La Cour de justice de l’Union européenne (CJUE)a rendu une décision importante pour les droits des personnes transgenres dans l’Union européenne. Dans un arrêt publié ce 12 mars 2026, la juridiction estime qu’un État membre ne peut pas refuser de délivrer des documents d’identité conformes à l’identité de genre d’un citoyen, lorsque cela est nécessaire pour garantir l’exercice effectif de ses droits, notamment la libre circulation.
L’affaire concernait une femme transgenre originaire de Bulgarie et résidant en Italie. Contrairement à ce qui a pu être avancé dans certaines publications, elle n’avait pas obtenu de reconnaissance juridique de son identité de genre en Italie. Elle demandait directement aux autorités bulgares de modifier ses documents d’identité afin qu’ils correspondent à son identité féminine.
Face au refus des autorités, la justice bulgare a saisi la CJUE afin de déterminer si ce refus était compatible avec le droit de l’Union.
Dans sa décision, la Cour rappelle que si la délivrance des documents d’identité relève de la compétence des États membres, ceux-ci doivent exercer cette compétence dans le respect du droit de l’Union. Or, selon les juges, une réglementation nationale qui empêche, en pratique, une personne de disposer de documents conformes à son identité de genre, alors qu’elle exerce sa liberté de circulation, est contraire aux principes européens.
La CJUE s’appuie notamment sur le droit à la libre circulation, l’un des piliers de la citoyenneté européenne. Garantir ce droit implique, selon la Cour, d’éviter qu’un citoyen soit confronté à des obstacles administratifs majeurs en raison d’une discordance entre son identité vécue et ses documents officiels.
Une décision qui va au-delà de la simple reconnaissance
Contrairement à certaines jurisprudences antérieures, notamment l’Affaire Mirin, la décision ne porte pas sur la reconnaissance, par un État membre, d’une identité de genre déjà légalement établie dans un autre pays de l’Union.

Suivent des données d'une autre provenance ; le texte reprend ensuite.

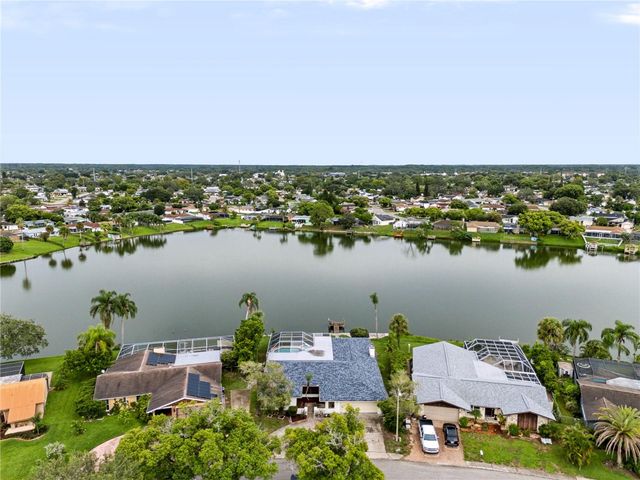 9520 LAKE CHRISTINA LANE, Port Richey, FL 34668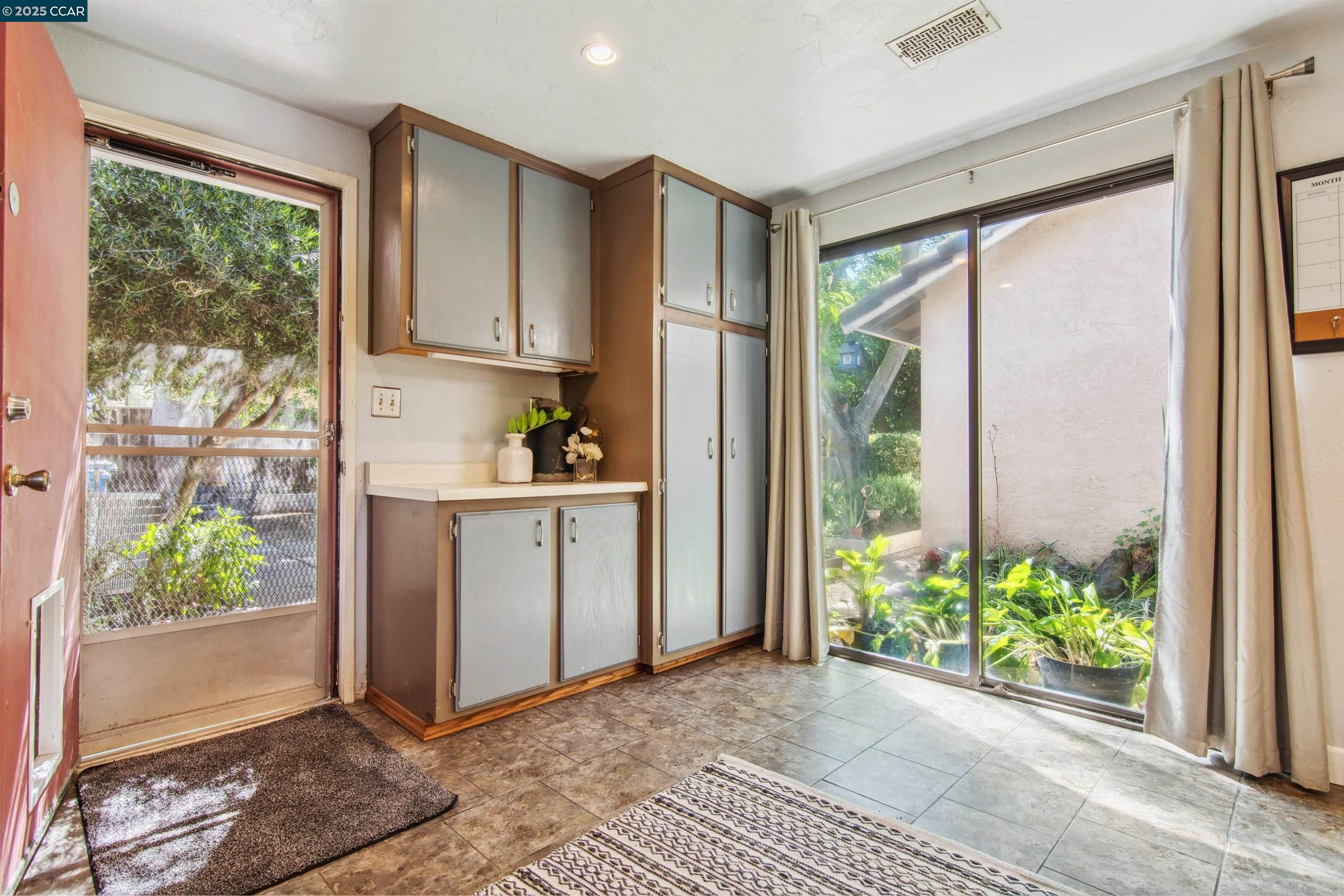 Detail Gallery Image 16 of 43 For 2628 Asilomar Dr, Antioch,  CA 94531 - 4 Beds | 2 Baths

Elle va plus loin : la Cour admet qu’un État membre peut être tenu de délivrer des documents conformes à l’identité de genre d’un citoyen même en l’absence de reconnaissance préalable dans un autre État membre.

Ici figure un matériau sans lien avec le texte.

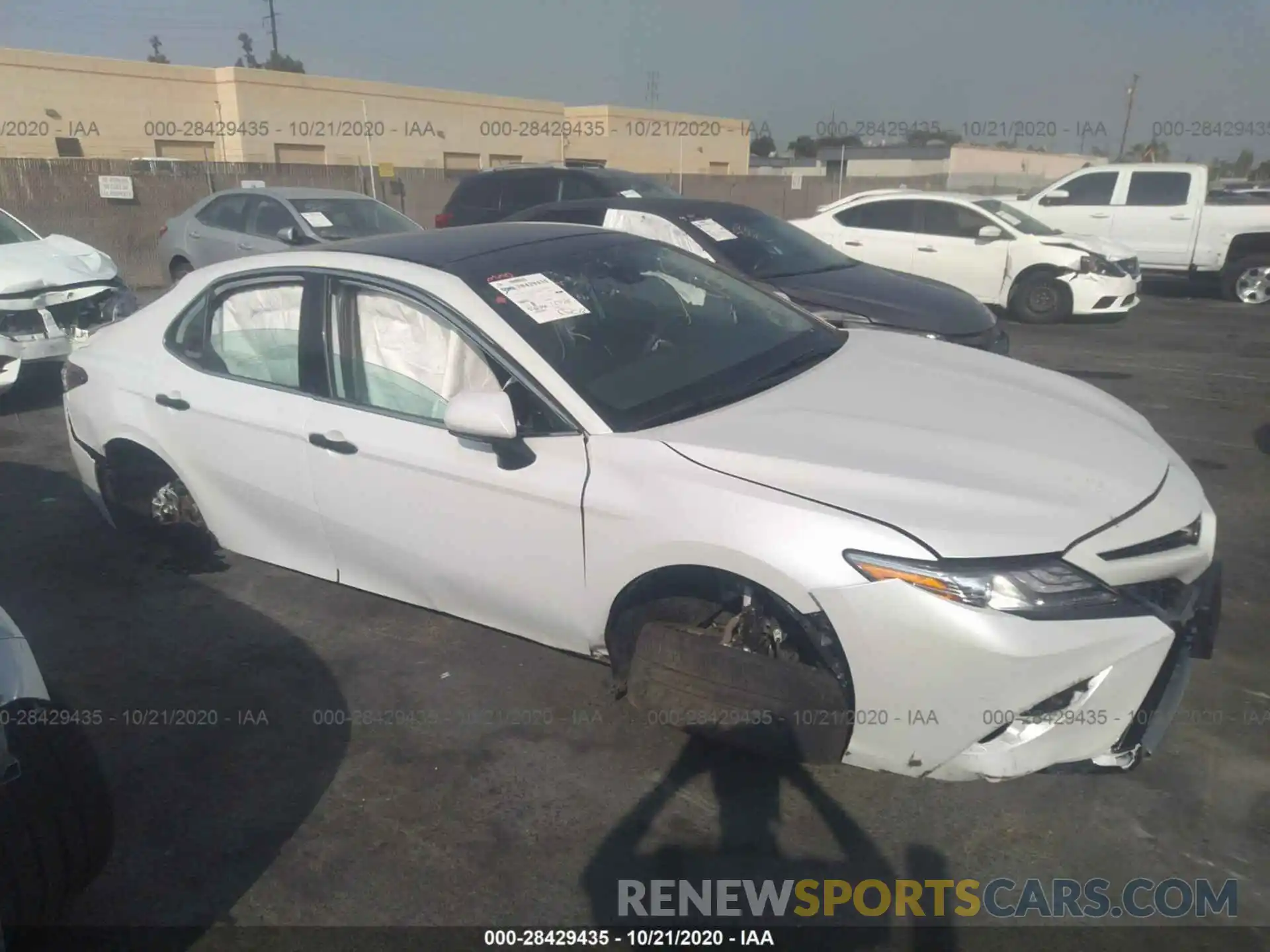 1 Photograph of a damaged car 4T1BZ1HK3KU027842 TOYOTA CAMRY 2019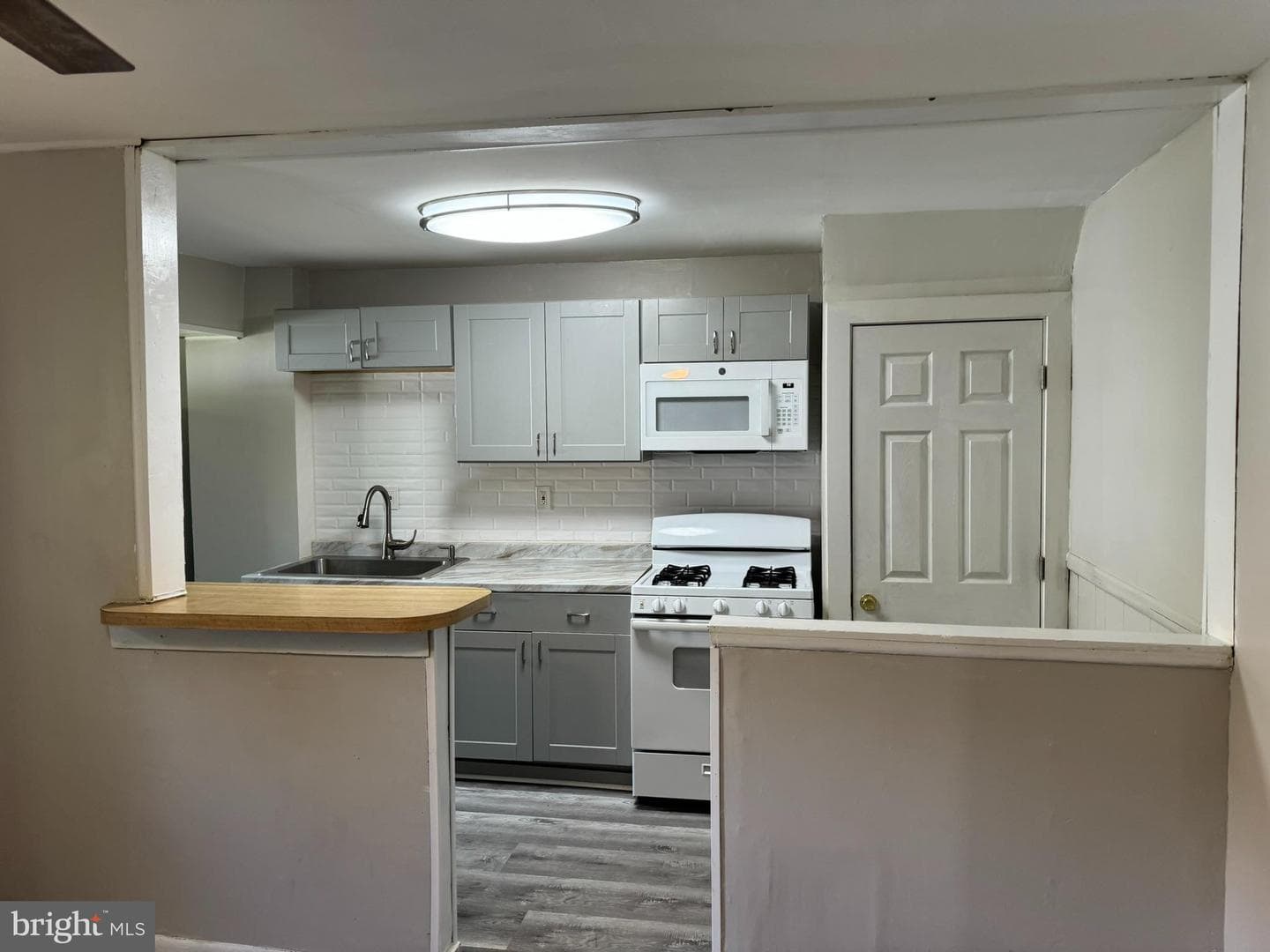 1308 Morton Avenue photo 6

Autrement dit, il ne s’agit pas uniquement d’une reconnaissance transfrontalière, mais d’une obligation positive visant à garantir l’effectivité des droits européens.
Des législations très disparates
Les règles permettant de modifier la mention du genre à l’état civil restent fixées par les législations nationales, qui demeurent très hétérogènes.
Plusieurs pays ont adopté ces dernières années des procédures simplifiées permettant de changer de genre à l’état civil par simple déclaration administrative, comme l’Espagne, le Portugal, l’Irlande ou Malte. L’Allemagne a également réformé récemment sa législation pour faciliter ces démarches.
À l’inverse, d’autres États maintiennent des procédures très restrictives, voire inexistantes. En Hongrie, une loi adoptée en 2020 a supprimé la possibilité de modifier la mention du genre à l’état civil. En Bulgarie, la législation ne prévoit pas de procédure claire et la justice a estimé en 2023 qu’un tel changement n’était pas juridiquement possible.
Dans plusieurs pays d’Europe occidentale, dont la France ou l’Italie, la modification de la mention de sexe est possible mais passe généralement par une procédure judiciaire.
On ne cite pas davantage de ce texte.